Bug 1568148

Summary: libvirt: vpx:// driver does not get CPU vendor, model or topology from VMware server
Product: Red Hat Enterprise Linux 7 Reporter: Kedar Kulkarni <kkulkarn>
Component: libvirtAssignee: Pino Toscano <ptoscano>
Status: CLOSED ERRATA QA Contact: tingting zheng <tzheng>
Severity: medium Docs Contact:
Priority: unspecified    
Version: 7.5CC: bthurber, dyuan, fdupont, hkataria, jdenemar, kkulkarn, lavenel, lmen, mpovolny, mxie, obarenbo, ptoscano, rjones, tzheng, xuzhang
Target Milestone: betaKeywords: Upstream
Target Release: 7.6   
Hardware: Unspecified   
OS: Unspecified   
Whiteboard: V2V
Fixed In Version: libvirt-4.3.0-1.el7 Doc Type: If docs needed, set a value
Doc Text:
Story Points: ---
Clone Of: Environment:
Last Closed: 2018-10-30 09:53:26 UTC Type: Bug
Regression: --- Mount Type: ---
Documentation: --- CRM:
Verified Versions: Category: ---
oVirt Team: --- RHEL 7.3 requirements from Atomic Host:
Cloudforms Team: --- Target Upstream Version:
Embargoed:
Bug Depends On:    
Bug Blocks: 1541908    
Attachments:
Description Flags
PreMigration
none
PostMigration
none
comment12-v2v.log
none
window2016_8-sockets_1-core.vmx none

Description Kedar Kulkarni 2018-04-16 20:34:36 UTC
Description of problem:
VM CPU sockets and cores differ post migration. Please see attached screenshots. 

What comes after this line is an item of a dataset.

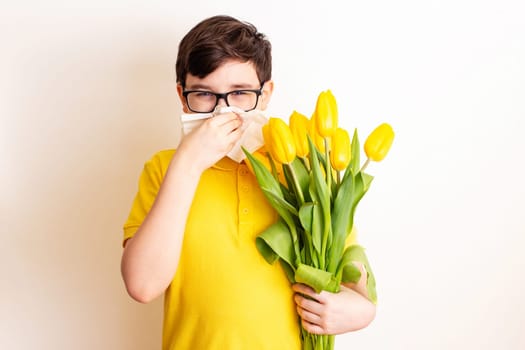 a brunette boy , dressed in a yellow T-shirt, holds a bouquet of yellow tulips and covered his nose with a paper napkin , look at camera, on a white background. To close up.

Version-Release number of selected component (if applicable):
master.20180411234937_802d601

How reproducible:
100%

Steps to Reproduce:
1.Migrate VM which has more than one CPU cores and more than one socket
2.
3.

Actual results:
CPU Socket x CPU Core is incorrect see screenshots

Expected results:
CPU Core/Sockets should remain same post migration

Additional info:

Comment 2 Kedar Kulkarni 2018-04-16 20:36:12 UTC
Created attachment 1422731 [details]
PreMigration

Comment 3 Kedar Kulkarni 2018-04-16 20:36:34 UTC
Created attachment 1422732 [details]
PostMigration

Comment 5 Pino Toscano 2018-04-17 06:53:28 UTC
Please provide the logs for virt-v2v.

Comment 8 Richard W.M. Jones 2018-04-17 14:47:06 UTC
The source metadata (from libvirt) doesn't have any information about
CPU vendor, model or topology, only the number of cores.

What libvirt gave us:

<domain type='vmware' xmlns:vmware='http://libvirt.org/schemas/domain/vmware/1.0'>
  <name>v2v-windows-kkulkarn</name>
  <uuid>42009372-17da-be73-779d-007ccf1bd228</uuid>
  <memory unit='KiB'>16777216</memory>
  <currentMemory unit='KiB'>16777216</currentMemory>
  <vcpu placement='static'>16</vcpu>
  <cputune>
    <shares>16000</shares>
  </cputune>
  <os>
    <type arch='x86_64'>hvm</type>
  </os>
  <clock offset='utc'/>
  <on_poweroff>destroy</on_poweroff>
  <on_reboot>restart</on_reboot>
  <on_crash>destroy</on_crash>
  <devices>
    <disk type='file' device='disk'>
      <source file='[name redacted].vmdk'/>
      <target dev='sda' bus='scsi'/>
      <address type='drive' controller='0' bus='0' target='0' unit='0'/>
    </disk>
    <controller type='scsi' index='0' model='lsisas1068'/>
    <interface type='bridge'>
      <mac address='00:50:56:80:b3:81'/>
      <source bridge='VM Network'/>
      <model type='vmxnet3'/>
    </interface>
    <video>
      <model type='vmvga' vram='8192' primary='yes'/>
    </video>
  </devices>
  <vmware:datacenterpath>Datacenter</vmware:datacenterpath>
  <vmware:moref>vm-7737</vmware:moref>
</domain>


What virt-v2v parses from the libvirt XML:

    source name: v2v-windows-kkulkarn
hypervisor type: vmware
         memory: 17179869184 (bytes)
       nr vCPUs: 16
   CPU features: 
       firmware: unknown
        display: 
          video: vmvga
          sound: 
disks:
        nbd:unix:/var/tmp/vddk.h3Mb23/nbdkit1.sock:exportname=/ (raw) [scsi]
removable media:

NICs:
        Bridge "VM Network" mac: 00:50:56:80:b3:81 [vmxnet3]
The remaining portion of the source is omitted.